* _What you need to do_
Search the listing below for the line with "this 768×512 image.", then write out that line and every one after it exactly, without the pictures.

* _Given data_
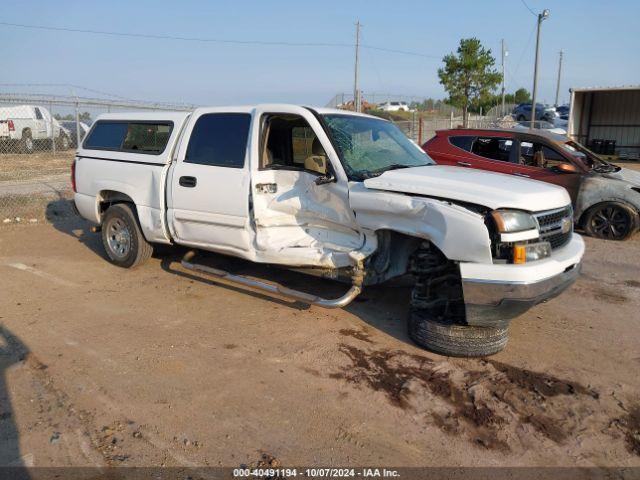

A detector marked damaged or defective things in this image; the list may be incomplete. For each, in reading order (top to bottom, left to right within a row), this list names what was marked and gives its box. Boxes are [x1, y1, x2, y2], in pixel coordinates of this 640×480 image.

shattered windshield [322, 113, 432, 181]
detached tire [101, 203, 154, 268]
damaged pickup truck [71, 106, 584, 356]
detached tire [408, 314, 508, 358]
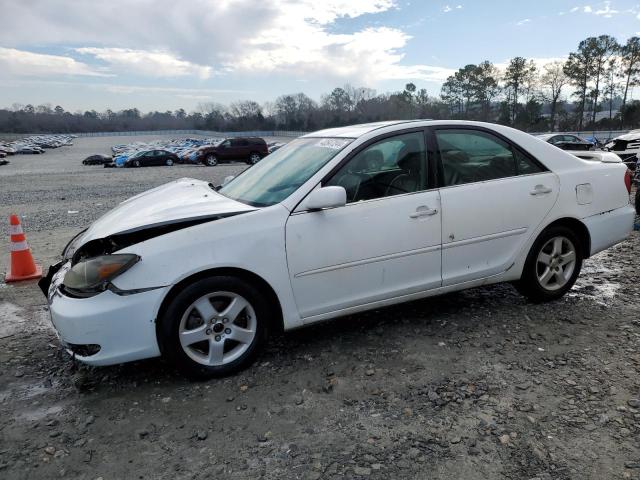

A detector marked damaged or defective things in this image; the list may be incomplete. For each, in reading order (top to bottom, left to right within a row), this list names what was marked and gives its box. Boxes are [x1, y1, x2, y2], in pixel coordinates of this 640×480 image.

crumpled hood [65, 177, 255, 258]
damaged white car [40, 121, 636, 378]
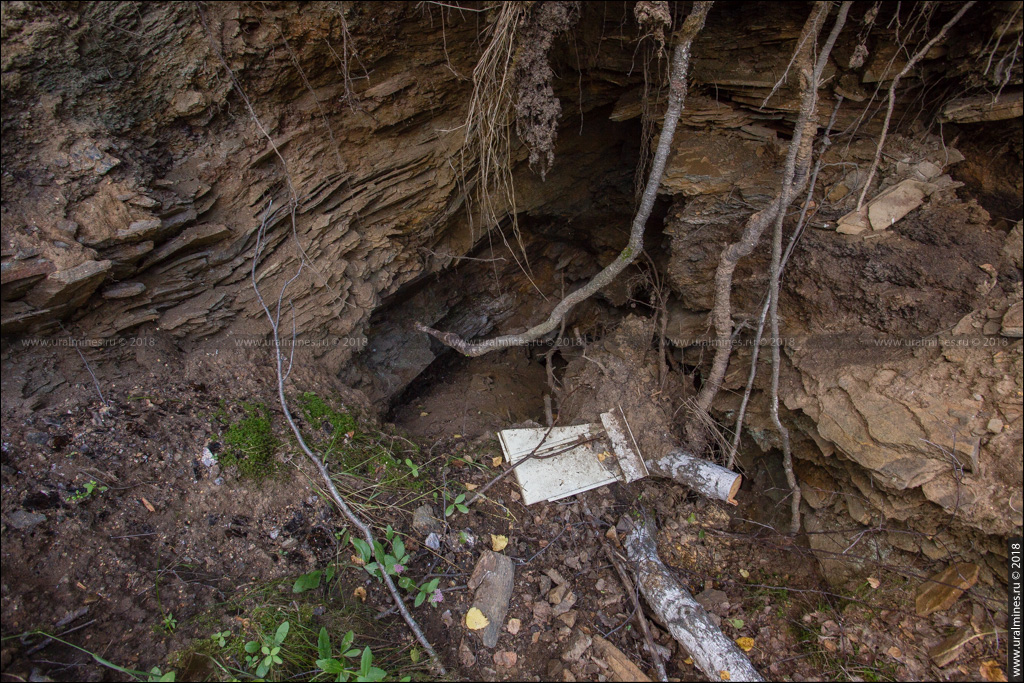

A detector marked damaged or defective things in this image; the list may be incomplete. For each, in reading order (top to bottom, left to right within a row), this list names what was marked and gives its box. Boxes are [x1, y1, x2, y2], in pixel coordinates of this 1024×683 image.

broken board [495, 421, 614, 507]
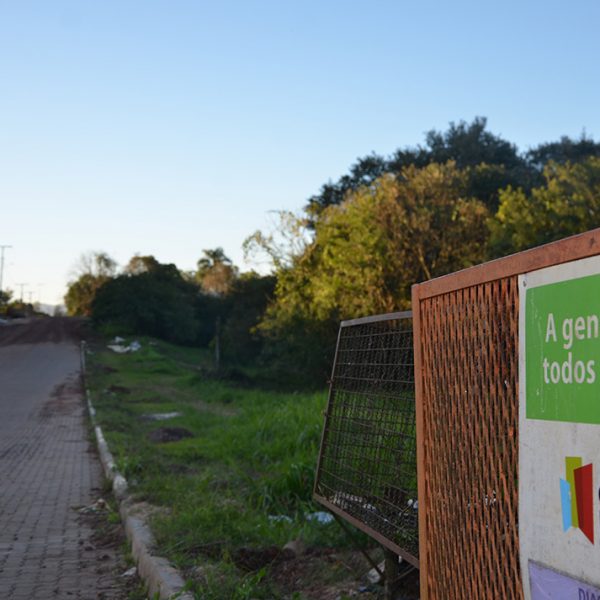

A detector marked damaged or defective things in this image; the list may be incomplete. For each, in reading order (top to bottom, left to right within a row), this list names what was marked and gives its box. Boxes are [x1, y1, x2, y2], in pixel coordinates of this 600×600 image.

rusty metal gate [314, 312, 418, 564]
rusty metal gate [412, 231, 600, 600]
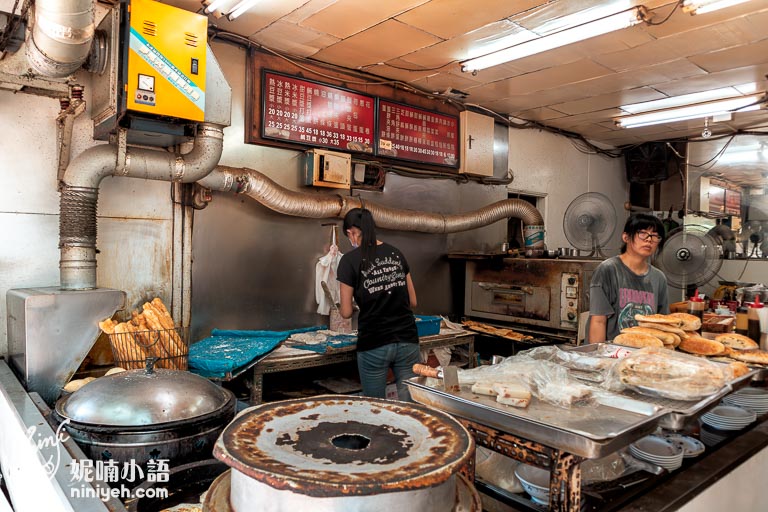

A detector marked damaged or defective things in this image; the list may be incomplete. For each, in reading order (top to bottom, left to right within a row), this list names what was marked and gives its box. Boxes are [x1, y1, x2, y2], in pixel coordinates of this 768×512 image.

rusty cooktop [212, 396, 474, 496]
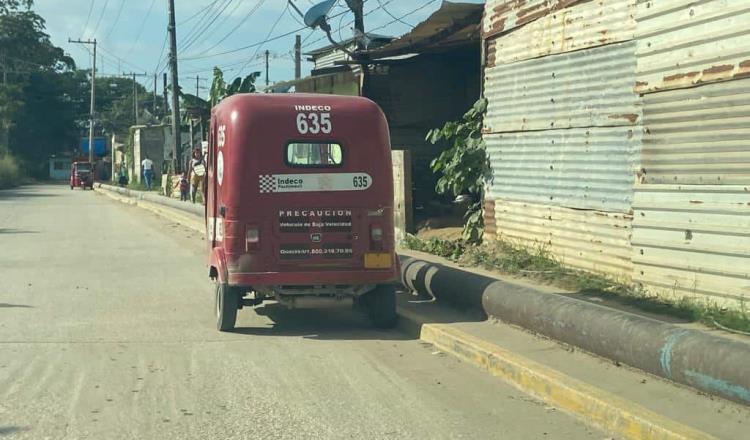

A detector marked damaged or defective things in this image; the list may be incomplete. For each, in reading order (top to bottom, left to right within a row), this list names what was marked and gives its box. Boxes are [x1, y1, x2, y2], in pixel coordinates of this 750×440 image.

rusty metal sheet [484, 0, 596, 37]
rusty metal sheet [488, 0, 636, 68]
rusty metal sheet [488, 40, 640, 132]
rusty metal sheet [488, 126, 640, 214]
rusty metal sheet [636, 0, 750, 93]
rusty metal sheet [640, 77, 750, 184]
rusty metal sheet [490, 199, 636, 278]
rusty metal sheet [636, 184, 750, 308]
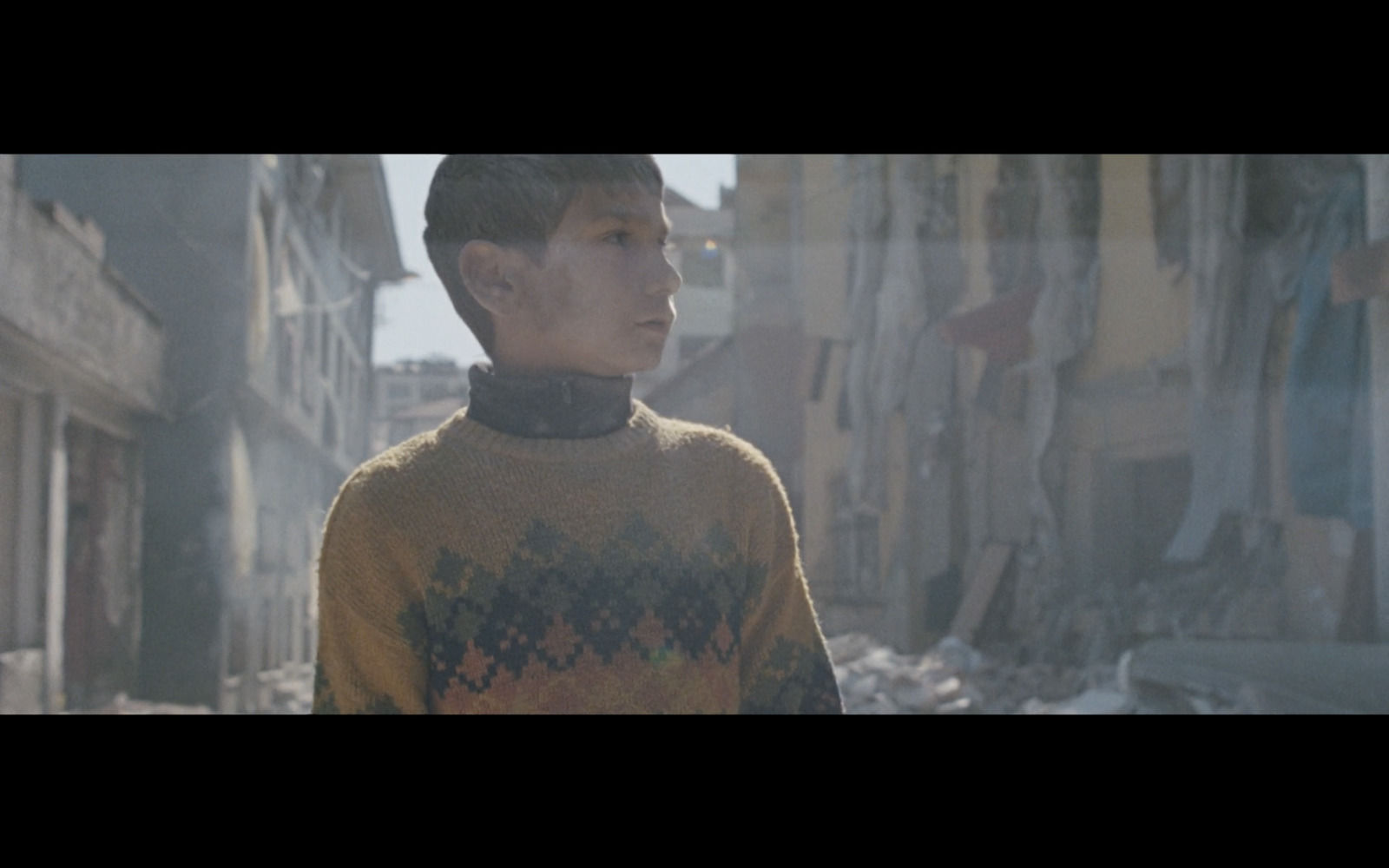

* _Output below_
A detector marked damaged or defective things in this image; the list may be incomplete. For each, in reading order (top to bottom, left to right within a row), this list names what was marked and gives its box. Boxes are [x1, y1, x2, y2], in pixel coordinates of this 768×512 image.

rusty cooktop [212, 396, 474, 496]

A detector marked damaged or defective things in this image; the list may be incomplete. For each, in reading order (top to bottom, left to right within a row), this list names what was marked and gives its box. Boxes are [x1, y1, x2, y2], in pixel coordinates of this 750×440 image.

rusty metal sheet [484, 0, 596, 37]
rusty metal sheet [488, 0, 636, 68]
rusty metal sheet [488, 40, 640, 132]
rusty metal sheet [488, 126, 640, 214]
rusty metal sheet [636, 0, 750, 93]
rusty metal sheet [640, 77, 750, 184]
rusty metal sheet [490, 199, 636, 278]
rusty metal sheet [636, 184, 750, 308]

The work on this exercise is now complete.